XML is meant to be interoperable.
How well does XAML achieve in this regard?
If Microsoft was only a technology company and could leave that whole messy marketing evilness out of it. Microsoft has come up with (or outright "borrowed") some very cool RAD technologies over the years. But god help us if they try to integrate any more then the UI elements into this "programming language" (I was once forced to use an ad-hoc XML-based programming language... it sounded ok until you tried to program in it, implementing logic was weird), but for the UI, wow.
"1984" was ment to be a warning, not a guidebook. You hear that Kim Jong-il!? BushCo?!
Mmm not so much.
All this does is abstract the UI from the code.
(Which is super if you look at the kludgey cra* they have foisted on developers through the VS series of products. I have always liked the ease of use of MS's designers but the resulting code usually made me angry. Nothing like adjusting the attribute of a control in the source and having it crash your IDE.)
You will still need to write behaviours for any application using XAML.
I believe there's been a couple of O/S projects that have done the same thing for a couple of years (abstracting UI to XML) but I'm not sure of the names..
The idea of XML-based interface definition has been around well before XAML. There are a ton of XML user interface languages around: http://xul.sourceforge.net/. Hell, Mozilla is built around it: http://www.hevanet.com/acorbin/xul/top.xul
You've been modded "funny" as I write this but really you have an interesting point.
The answer is that to date, all of our wheels have been spikey and sharp, tending to work poorly and often killing, crushing, and destorying things in its path, rather then working as designed.

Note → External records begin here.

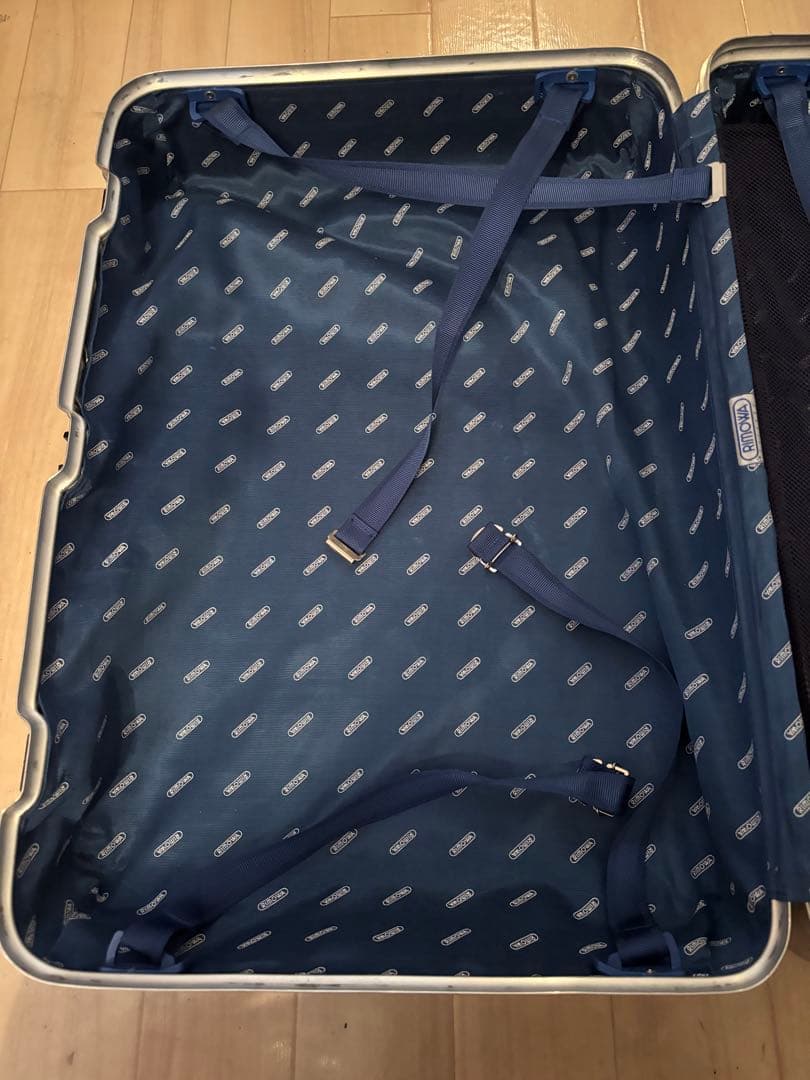 RIMOWAリモワ★人気❗️シルバー スーツケースキャリーケース★使用回数は少ない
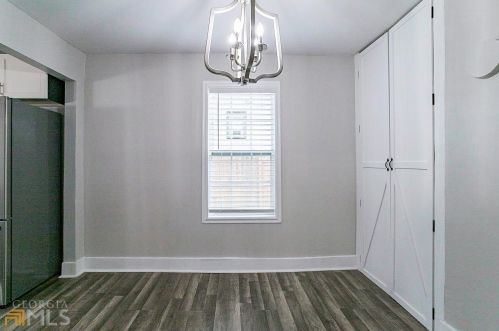 2279 Carver Cir, Atlanta GA  30314-2556 exterior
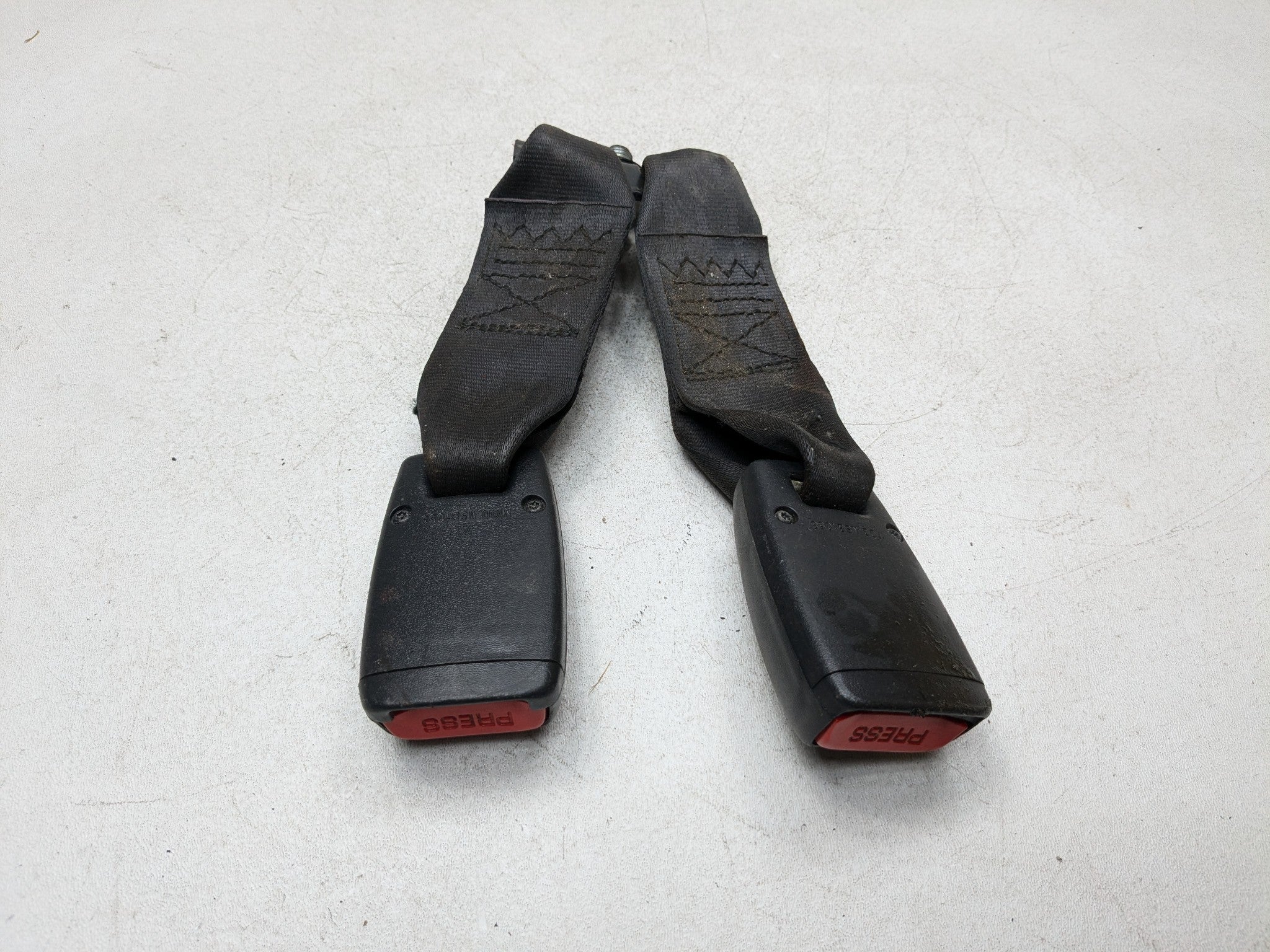 2004 - 2008 ACURA TSX OEM SEAT BELT BUCKLE REAR RIGHT PASSENGER SIDE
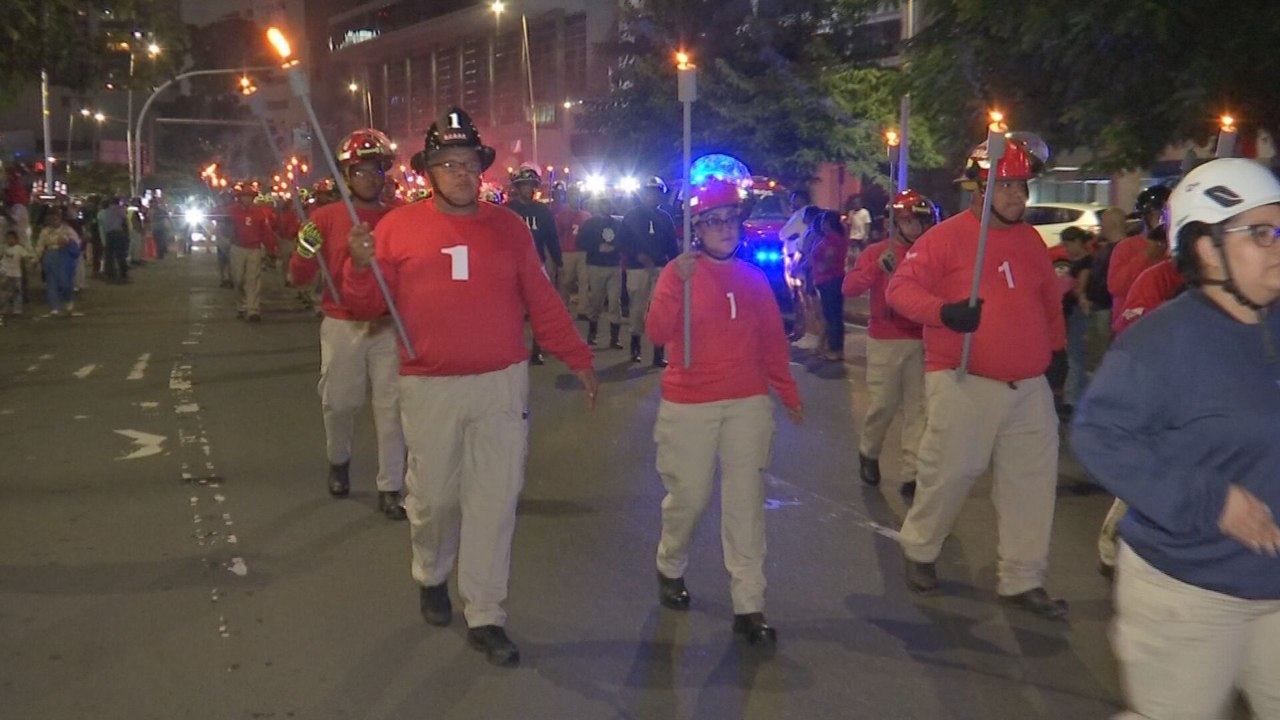 Desfile de las antorchas de los bomberos recorrieron las calles de La Chorrera y Panamá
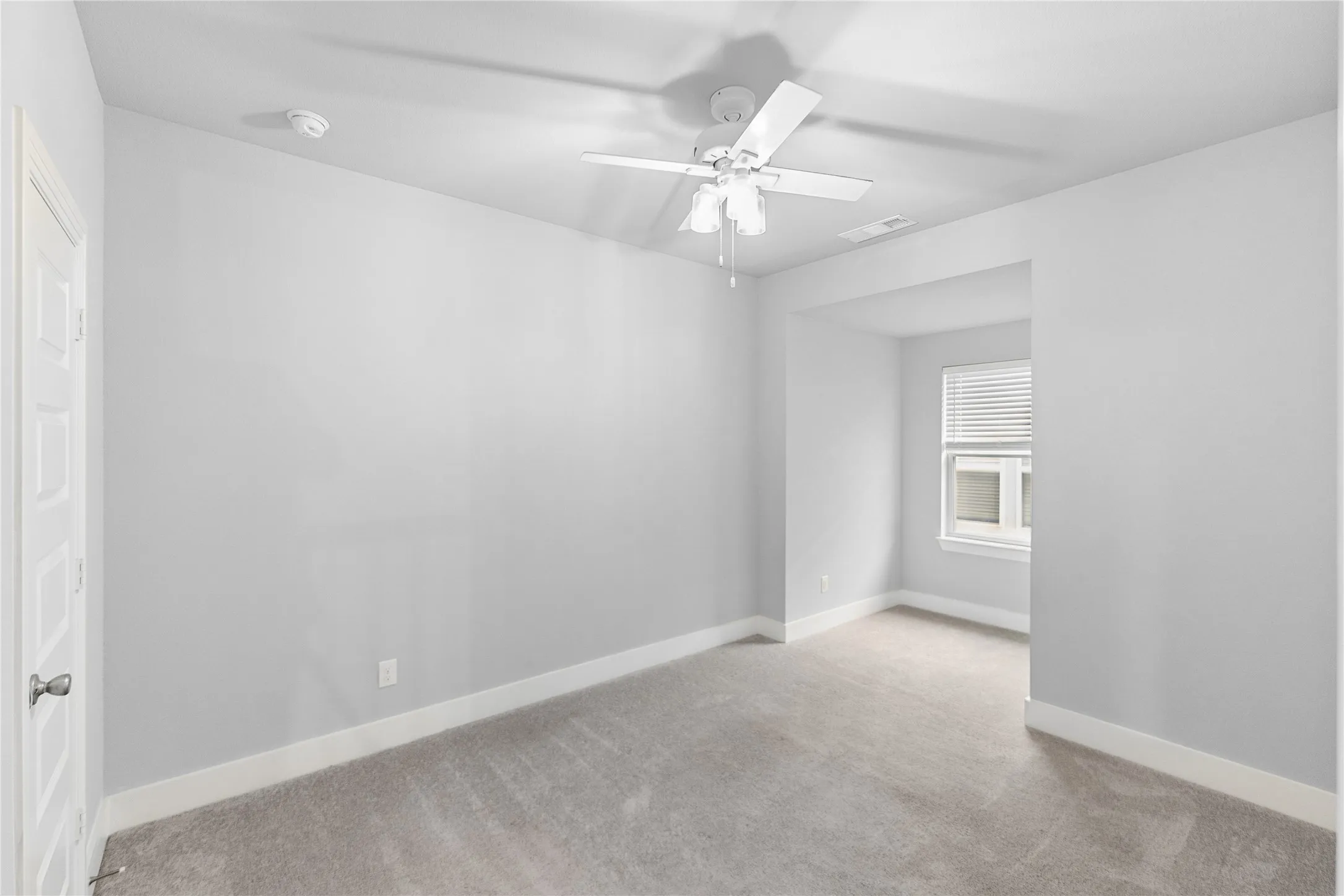 Single Family Residence For Sale in Denton County , 1317 Thrasher Drive, Little Elm, Texas 75068, 4 Bedroom, 3 Bathroom, 2 Garage spaces, 2,624 Sqft, built in 2020, mls#21396493, Real Estate Agent in Little Elm, Homes For Sale in Denton county, Homes For Sale in Little Elm, Realtor in Little Elm Texas, Real Estate Brokerage Independent Realty Texas, Luminita Cordes Realtor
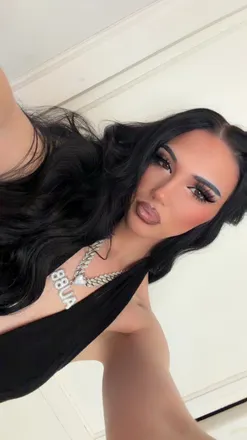 OnlyFans account  queenaub header 2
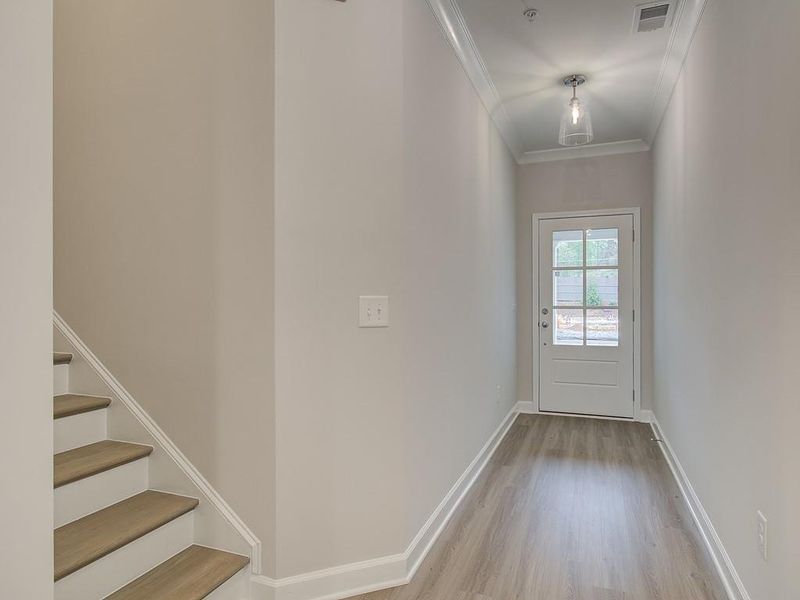 Spacious, unfurnished interior of a new home in Cherokee Township, Acworth (Image 26).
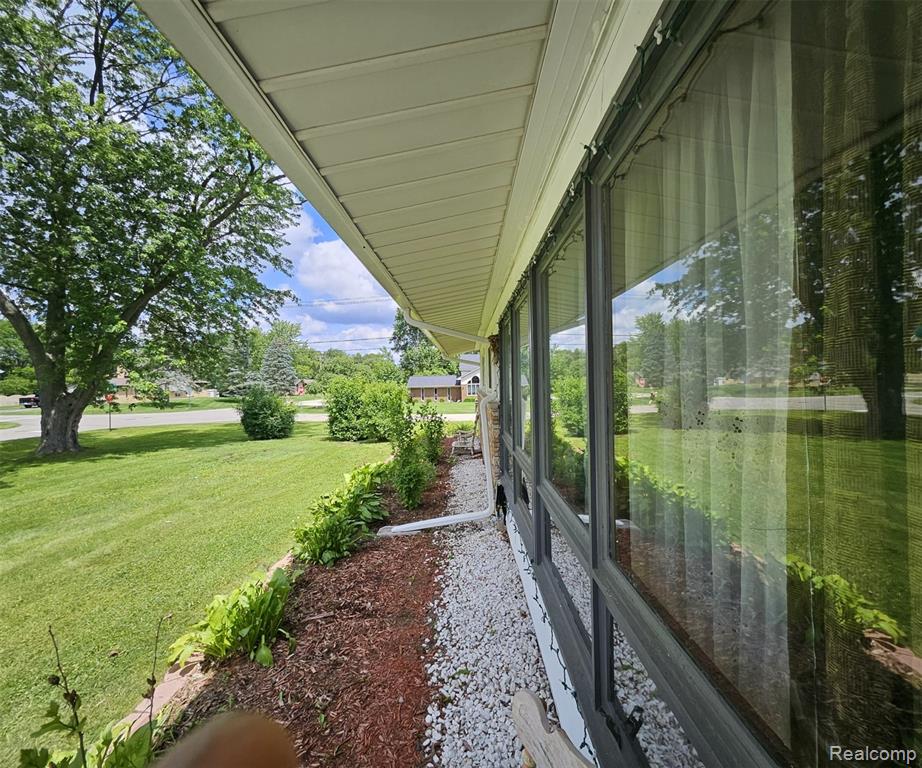 496 E Lovell Drive, Troy, MI 48085 — Photo 3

My pet example of this is "Object Oriented Programming". I think OOP is a significant advance, but it took 20 years to start to get implementations of it that were really useful, in C++, in Python, in a couple of other languages. (I take a broad view here. C# probably qualifies, but I haven't used it. Perl does for wizards only; technically the capabilities exist but they're damned hard to really get right. Java is getting there but still borderline, unless you augment it with other tools. Most other implementations tend to hit complexity walls too early to be useful, such as pre-template C++.) Think "design patterns", and the subsequent work being done based on that.
Finding the best way to do one thing is easy. Finding the best way to do a million things is harder. Iterators or Observers? MVC or something else? Pervasive persistence or request only? (These are of course only sample questions, not meant to be answered or considered as exhaustive.) The only way to answer these questions on a large scale is to try them on a large scale. That takes time, and a lot of what seems like re-invention, as some new combination is tried out with a few subtly different answers from last time.
The sheer staggering multiplicity of answers on so many dimensions is really unprecendented in any other Engineering field, since they all tend to be able to use "physical locality" to isolate the complexities of their system. Consider the almost uniformity of mainstream CPU design, for instance; is it really so inconceivable that a little 'reinvention of the wheel', i.e., a complete re-thinking of PC architecture, isn't called for?
Right now, we really don't know as much as Language X bigots ("Language X is the one true way!") would have you think. There's still a lot of room for experimentation. And the only true way to experiment is by building a slightly different wheel, and seeing if it maims its users slightly less then before in a wide variety of situations.
In this sense, "software engineering" almost approaches a true experimental science, albeit with very engineering-oriented experiments.
Although I empathize with your sentiment, you obviously have no clue what your talking about in reference to the actual article submitted(yes, this is slashdot, big shock). The article's comment is a little misleading, this isn't for coding, it's for interface layout, which XML is quite effective at if you've ever touched XUL. XML is heirarchical. As are most, if not all, common GUI components. And separating logic from layout is A Good Thing, which XUL performs more cleanly than most toolkits I've seen (Swing, Windows Forms).
The true measure of the impact of a technology is how many highly effective solutions you can find that it wasn't really intended for. This is one for XML.